Blackmail, and not human rights, probably lay behind parliament’s decision to decriminalise homosexual acts in private 50 years ago today, planting a seed for the country to eventually become one of the most progressive in LGBTIQ laws.
Researcher Eman Borg, who wrote his undergraduate thesis about the attitudes that led to the January 29, 1973 legal breakthrough, has pored over hundreds of pages of transcripts of parliamentary debate of the time. It was an effort to understand the social, cultural and political context of how the law came about seemingly out of the blue.
“In 1972, Malta was still recovering from a very tense political divide. The interdett and dnub il-mejjet were still very fresh wounds. Labour had just re-elected Dom Mintoff and been re-elected into government, and the British naval base was leaving the island,” Borg told Times of Malta.
“So Malta was cutting its teeth on independence and self-governance and that was really what was dominating the political discourse at the time.

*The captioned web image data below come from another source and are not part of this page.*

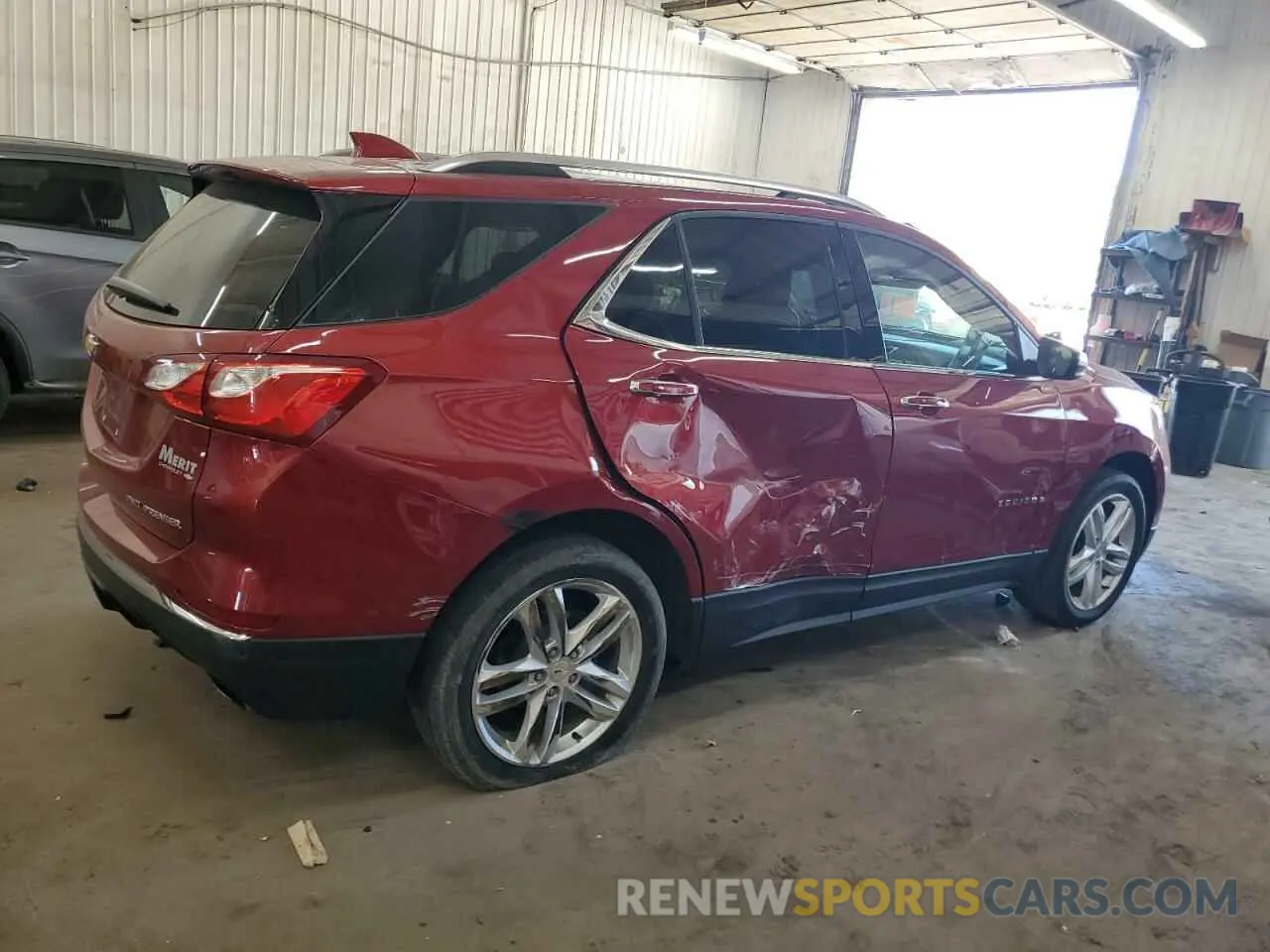 3 Photograph of a damaged car 3GNAXYEX7KL210371 CHEVROLET EQUINOX 2019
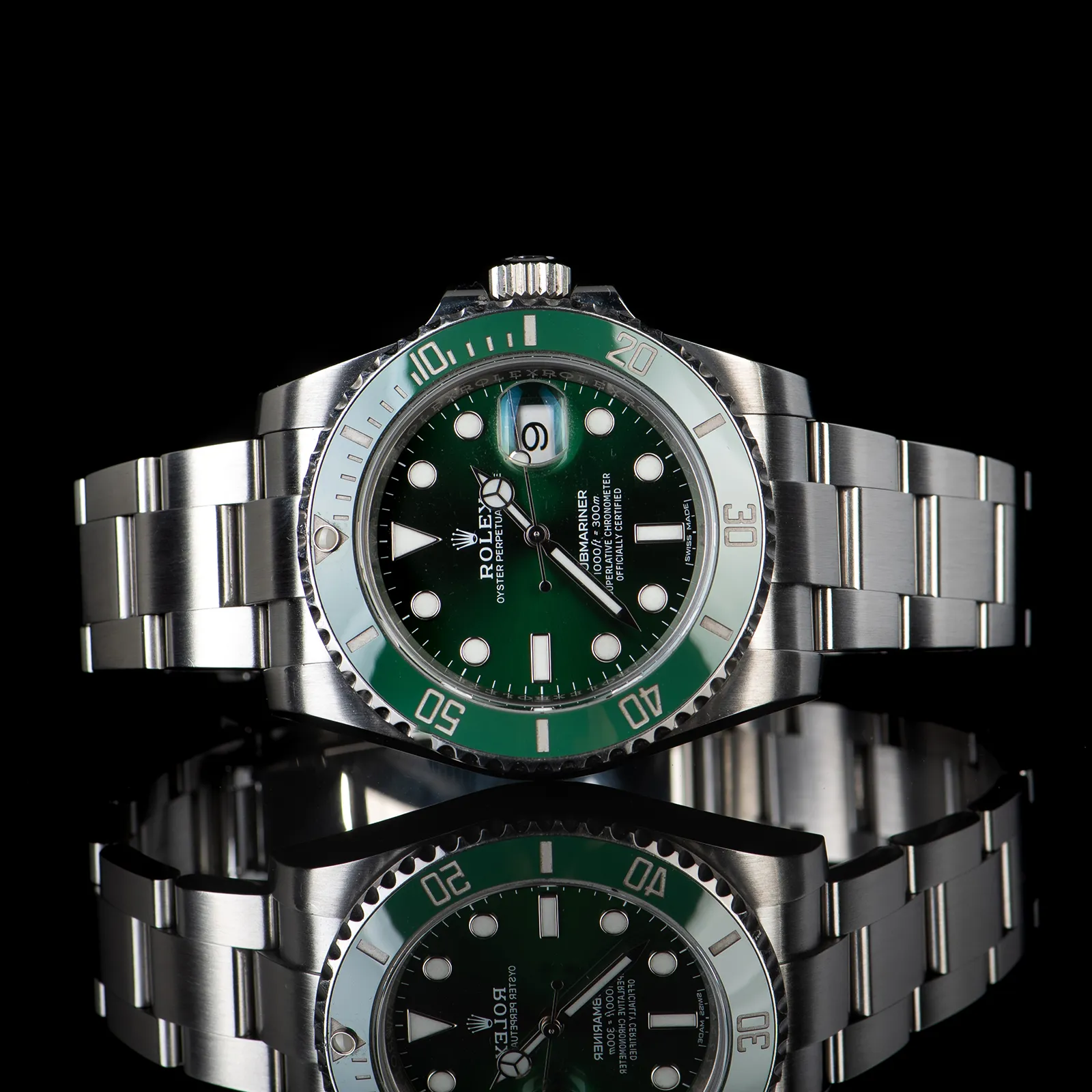 Rolex Submariner 116610LV 40mm Stainless steel Green 3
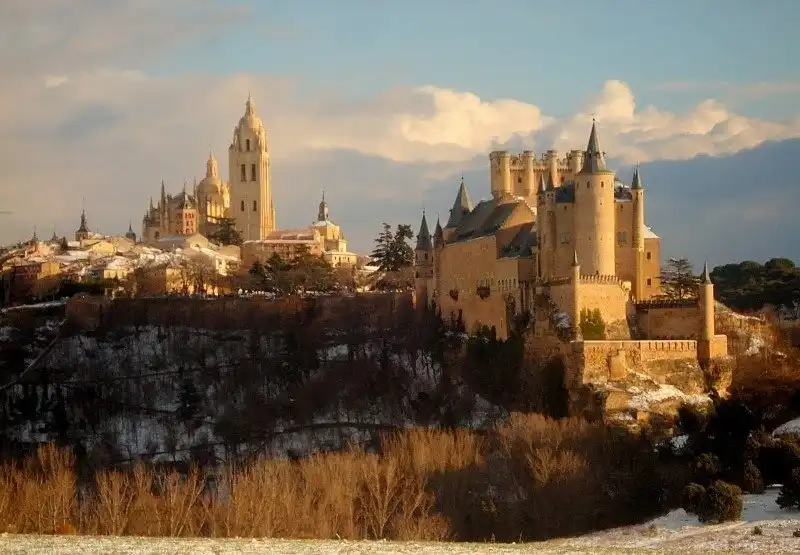 Exterior view of Residential for sale in Segovia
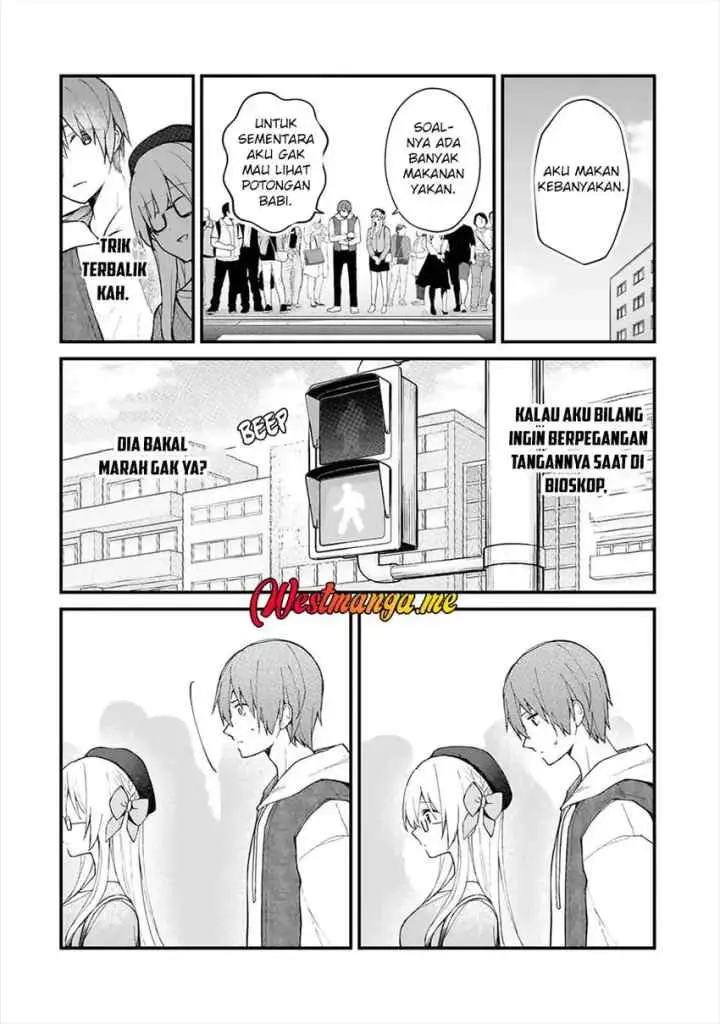 Netoge no Yome ga Ninki Idol datta chapter 30 halaman 15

“What was not being discussed was the decriminalisation of homosexuality.”
None of the manifestos of the political parties that had stood for election had promised in writing to introduce such legislation. No lobby groups were advocating for it and there was no outcry from the public to see the law introduced.

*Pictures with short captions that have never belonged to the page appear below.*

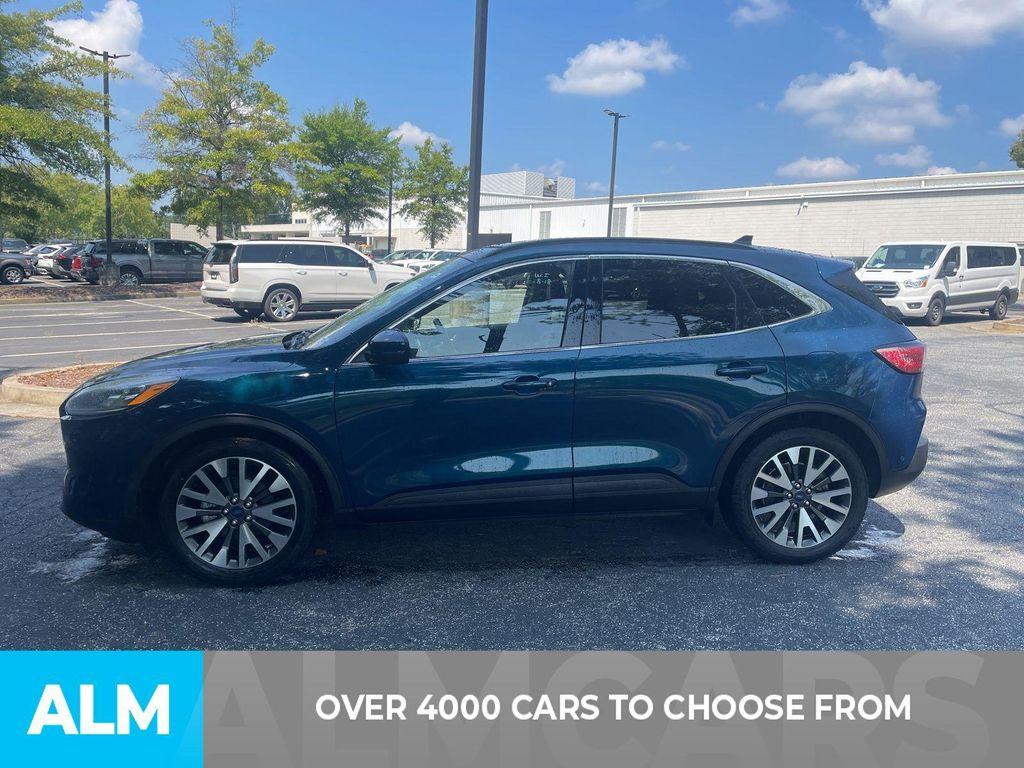 used 2020 Ford Escape car, priced at $17,960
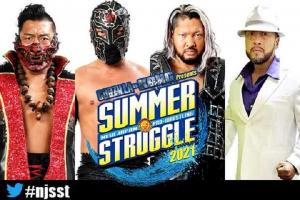 NJPW Summer Struggle Results For July 27, 2021: Winners, Highlights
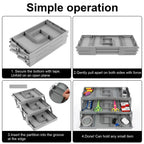 Foldable Jewellery Drawer Organiser Two Heights | StorageOZ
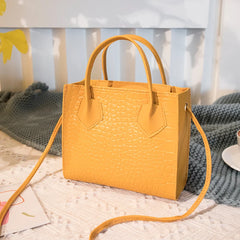 Western Style Embroidered Women's Bag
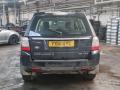 накладка двери (крышки) багажника Land Rover Freelander 2 поколение [рестайлинг] L359 2011, 2.2 л., TD, 224DT, дизель, 6МКПП, midnight black / 797, внедорожник 5 дв., полный привод, правый руль, BH52-F43400-BDW - фото №3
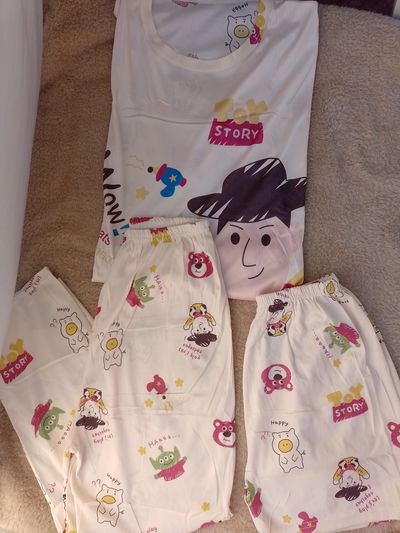 Pijama 3 piezas importado G. (Woody Toy Story)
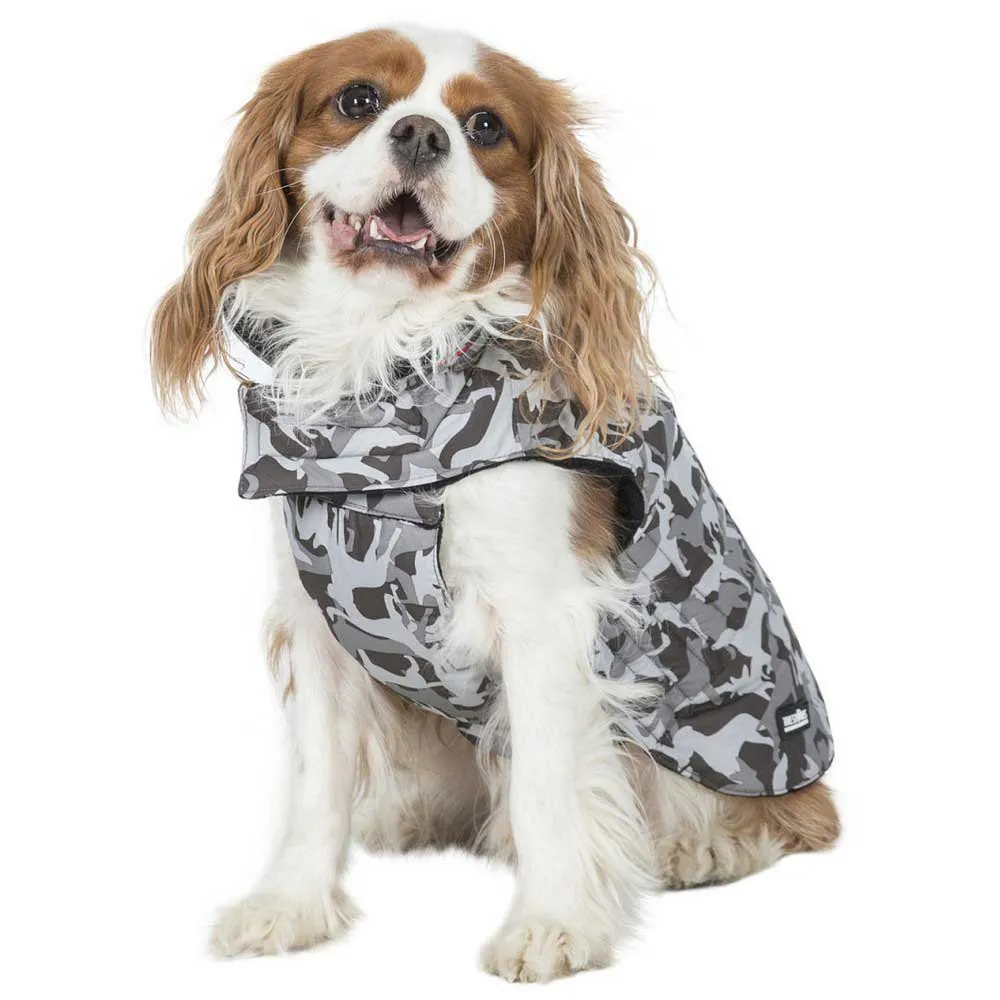 Купить Trespass UUACPTO10006-GDX-2XS куртка для собаки Charly Printed Rain Серый Grey Dog Camo X 2XS 7ft.ru в интернет магазине Семь Футов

“In fact, this was one of the things the PN in opposition was arguing at the time, that there was no need for this discussion because it was not something being discussed by the man in the street. Society was not crying out for this amendment.
“On the other hand, the Labour Party was saying listen, this is a dormant law that could potentially be exploited to harm people.”

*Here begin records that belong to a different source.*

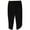 black, variant on Tags Weekly Womens solid Casual Wide Leg Pants, Black, Medium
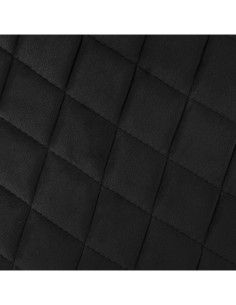 POLTRONA 157153F MARLO VELLUTO NERO su TreG Ingrosso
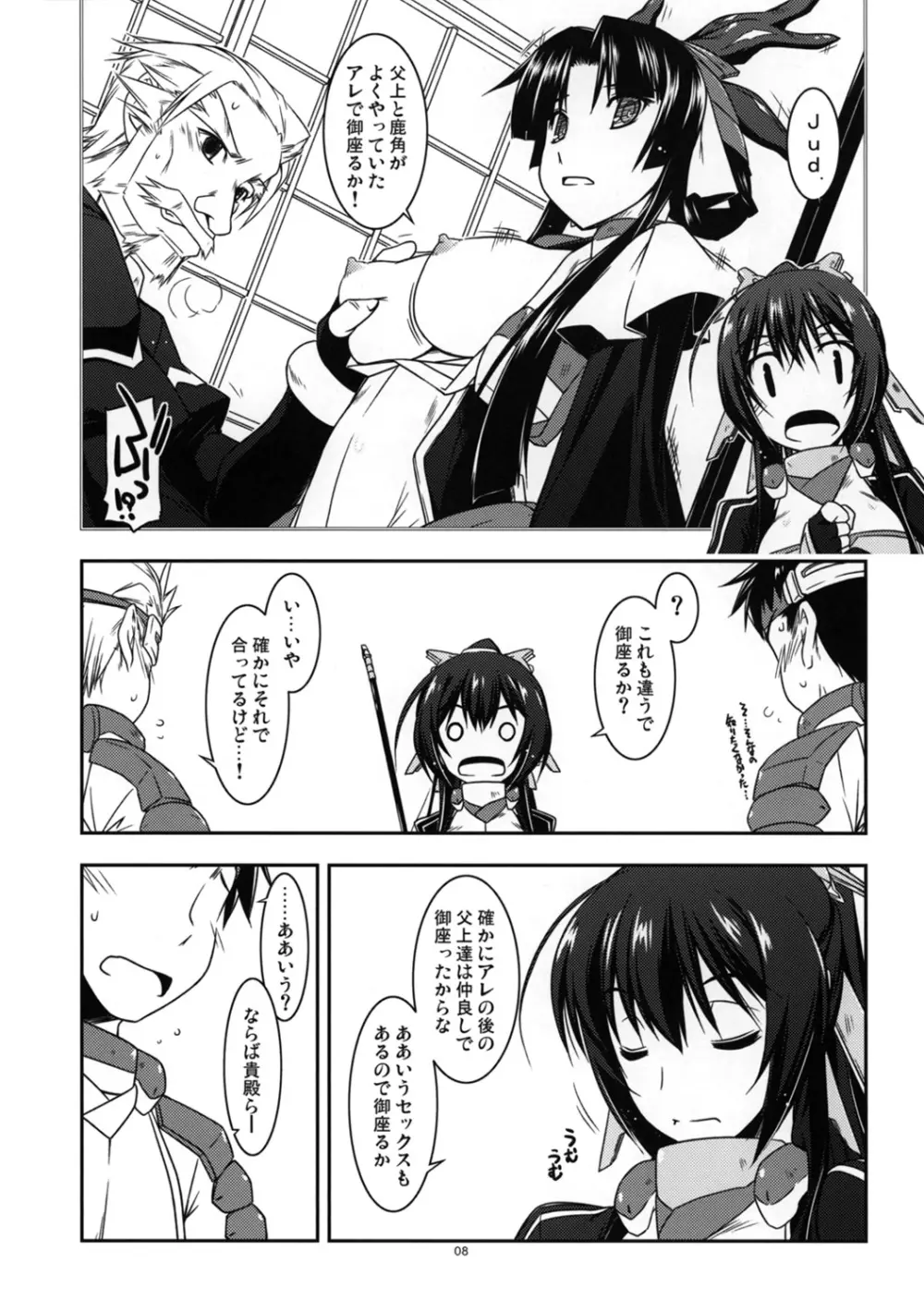 二代弄り - page7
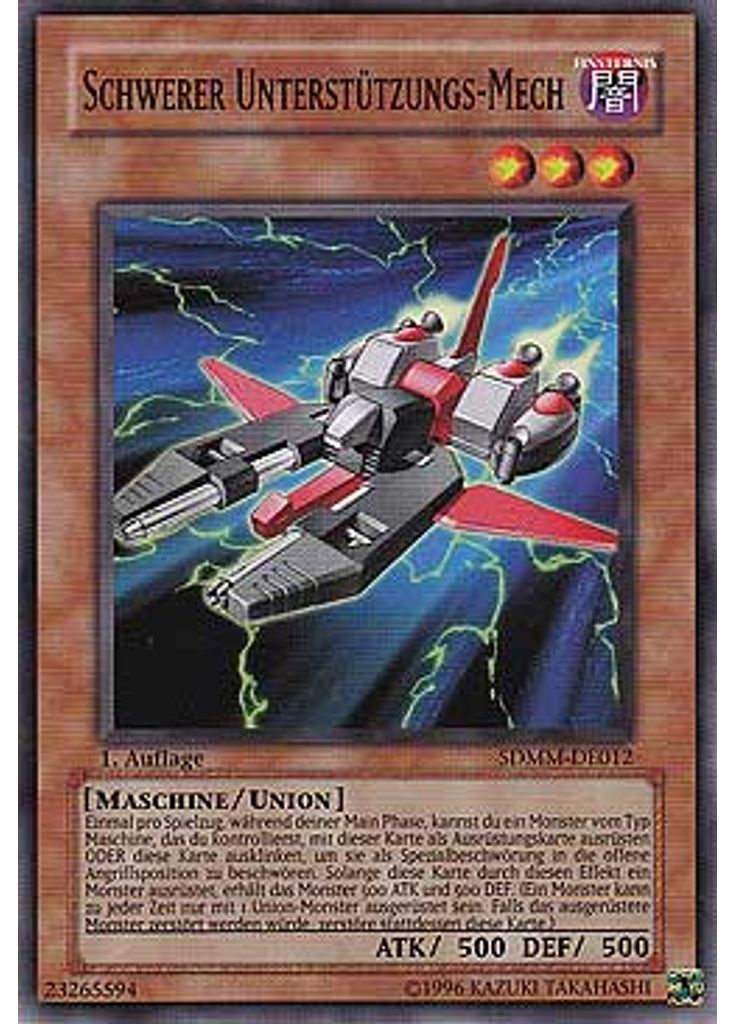 Schwerer Unterstützungs-Mech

The bill put forward was to amend the criminal code so as to abolish adultery and homosexual acts in private.
Anyone caught could be subject to a punitive sentence – although the last documented use of the law had been sometime in the 1890s.
So why the urgency?
The clue was a parliamentary speech given by Labour MP Albert Hyzler, in which he said that an acquaintance “has been blackmailed since being caught in the act”. He argued strongly that the law was needed to prevent homosexual men from living in fear.
PN MP Ugo Mifsud Bonnici countered, saying that blackmail would still proliferate given the societal stigma associated with the act. “I’m afraid blackmailing will still be a factor even if such law is repealed as homosexuality is condemned by society,” Mifsud Bonnici argued. “This is a fact, the person is ashamed and the person will hide it and so blackmailing will still happen as the person will be afraid.”
Borg theorises about the possibility that blackmail could have been affecting a high-profile person, but what seems clear, he said, was that blackmail was underpinning the sense of urgency that the Labour Party felt towards changing the law.
"The Church was also an active participant in this debate, with the justice minister being asked if he had conferred with the bishop before drafting the final version of the law"
“So what Labour was saying, in essence, was, listen, we need to protect those who are vulnerable. Giving power to this law allows blackmail to happen, so let’s remove the law and blackmailing will not happen,” Borg said.
So did Maltese MPs in 1973 come to some groundbreaking conclusion about LGBTIQ rights?
Not quite. Both sides of the house agreed that homosexuality was “abnormal”. They debated at length about the “causes” of homosexuality and stressed the need for the protection of traditional family values and religion.
The Church was also an active participant in this debate, with the justice minister being asked if he had conferred with the bishop before drafting the final version of the law.
What Borg also finds interesting in the debate is that, while both parties professed their dedication to Catholic values, they differed on another aspect: the Labour Party took the position that what was “immoral” was not necessarily unlawful.
“An example they used at the time, which I found both somewhat future-thinking and hilarious, is that masturbation was illicit but was not a crime. They argued that homosexuality in private was the same case.
“But what we find here is the seed of a debate that perhaps led to Malta becoming more secular, because a governing party was saying that morality should not be law. And perhaps that was an unconscious step in the decision to argue that Malta should separate the Church from the state, perhaps without them even realising exactly what they were doing.”
Although for several years after 1973, legislative efforts to give the community protection and recognition in law stagnated, the seed had been laid for adopting a civil unions act in 2014, granting same-sex couples the same rights and obligations as marriage, enacting a groundbreaking gender identity law in 2015 and allowing same-sex marriage in 2017.
“I find it poetic that 50 years after this law, in what is certainly a coincidence, Malta will be hosting EuroPride,” Borg said.
“The seed of Malta becoming one of the most progressive states when it comes to LGBTIQ rights did not necessarily start in 2013, but all the way back in 1973 when for a few months the country hotly debated homosexuality and decriminalised homosexual acts in private.”